Naquele dia em que eu presenciei a ação da carrocinha – e em outros nos quais passeei pela orla de João Pessoa -, outros cães perambulavam naquela área como velhos conhecidos das pessoas que frequentam aquele pedaço da cidade. Tão logo a carrocinha foi embora, eu flagrei mais dois cachorros soltos em contraste com os encoleirados que posudamente passavam por ali a passeio com os seus donos.


Na coleira e bem cuidado: deveria ser assim com todos



Quem frequenta a orla de João Pessoa, no trecho que vai do Largo da Gameleira até pelo menos o Largo do Almirante Tamandaré, certamente já verificou que vários indivíduos moradores de rua e/ou em condição de rua, “residem”, por assim dizer, por ali em condições as mais precárias.

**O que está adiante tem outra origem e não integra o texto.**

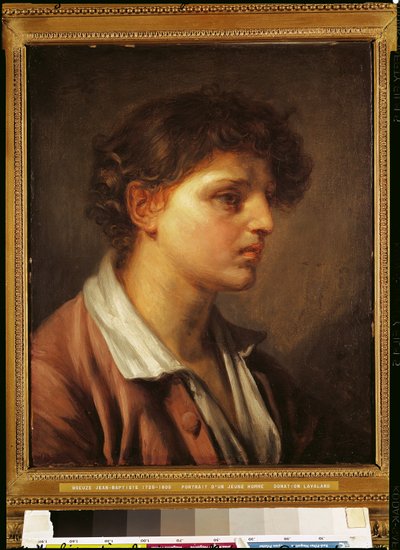 Portret van een jonge man door Jean Baptiste Greuze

Quem vê aquelas pessoas entre os quiosques e o movimentado e disputado calçadão ocupado, sobretudo, por turistas, nota que entre os homens, mulheres e crianças não raro há um ou mais de um cão a completar a família dos desafortunados, o que diz muito do fato de existirem inúmeros cachorros soltos pelo calçadão e a atravessar constantemente a autopista.

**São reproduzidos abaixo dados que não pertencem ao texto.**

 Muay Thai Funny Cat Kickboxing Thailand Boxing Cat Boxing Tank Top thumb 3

A mim me pareceu que aquele indivíduo que ficou a xingar os homens da carrocinha era, também ele, um morador de rua. Mais de uma vez eu flagrei por ali gente, gente, gente, revirando sacos de lixo à procura do que comer - como na imagem do poema do meu conterrâneo Manuel Bandeira. Nas cercanias do movimentado e badalado calçadão de João Pessoa não são apenas cachorros que estão vivendo a esmo e desamparados. Oxalá a Municipalidade não resolva instituir uma espécie de carrocinha para removê-los dali, porque aquelas pessoas, porque aquela gente precisa é de outras coisas; e gente, como diz Caetano Veloso, é para brilhar e não para viver como bichos sem dono e não para morrer de fome.